The average for Paris is about 38, which is considered well within the range of what is safe, but weather conditions, such as warmth and dryness, are contributing to the surge. Cities in India and China typically are the ones with the highest air pollution levels, but Paris poked into the uppermost level. This peaking effect also happened about the same time last year, and similar actions were taken to bring it back down.
Beijing’s average air quality index is about 111 and New Delhi’s is over 200, according to Plume Labs, so Paris’s average is far less than that.
The current situation in Paris does gives us some indication that even when at safe levels, air pollution levels can rapidly spike. It does appear that the time to gradually switch away from fossil fuels is now, especially because the costs of solar power, wind power, and electric cars have dropped so much in the last several years. Additionally, electric vehicles have been growing and taking a toehold in the marketplace, in various countries around the world.

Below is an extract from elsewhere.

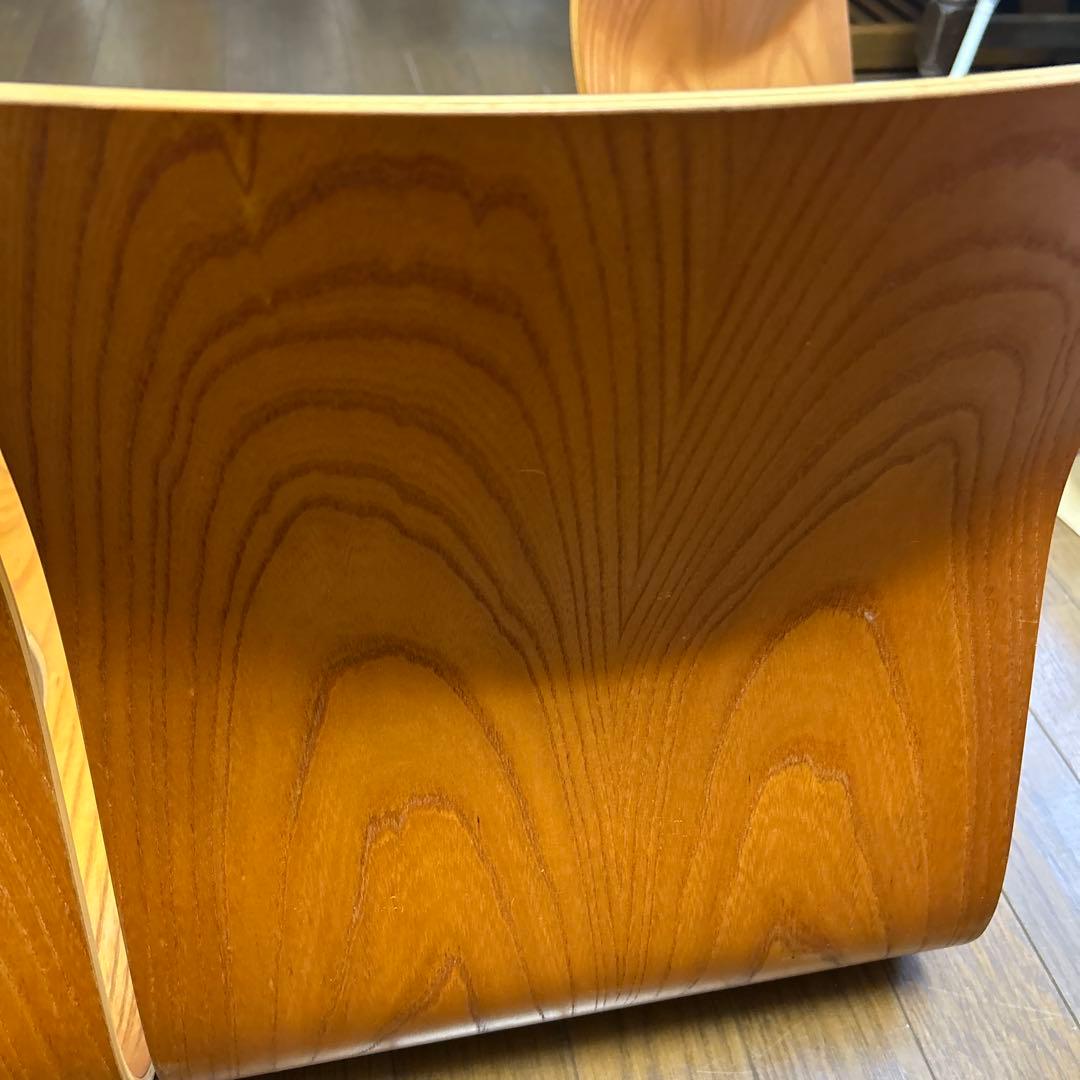 天童木工 木製オープンバック座椅子 4脚セット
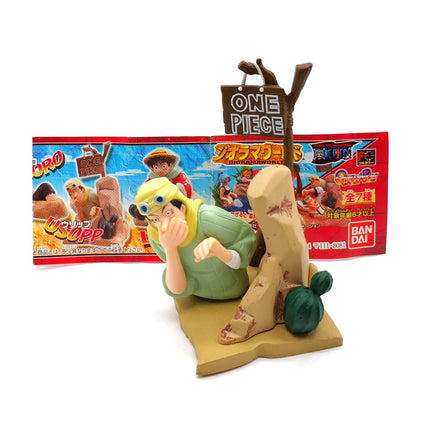 One Piece Usopp Diorama World 2" Mini Figure – Bandai Gashapon (Pre-Owned)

You might not think air pollution is that significant, especially if you don’t live in a huge city, but the World Health Organization estimated it contributed to the deaths of about 7 million people in 2012.
So, air pollution is not a minor irritant or inconvenience. It can also cross boundaries, meaning it doesn’t simply remain where it originated.
The French government also recently passed a law requiring new commercial buildings to have plants or solar panels on rooftops. Plants can help remove pollutants from urban air.
France is one of the most visited countries in the world, and Paris is the most visited city in France. Tourism brings in tens of billions of euros every year in France, so it will be important to reduce air pollution in Paris to protect tourism revenues.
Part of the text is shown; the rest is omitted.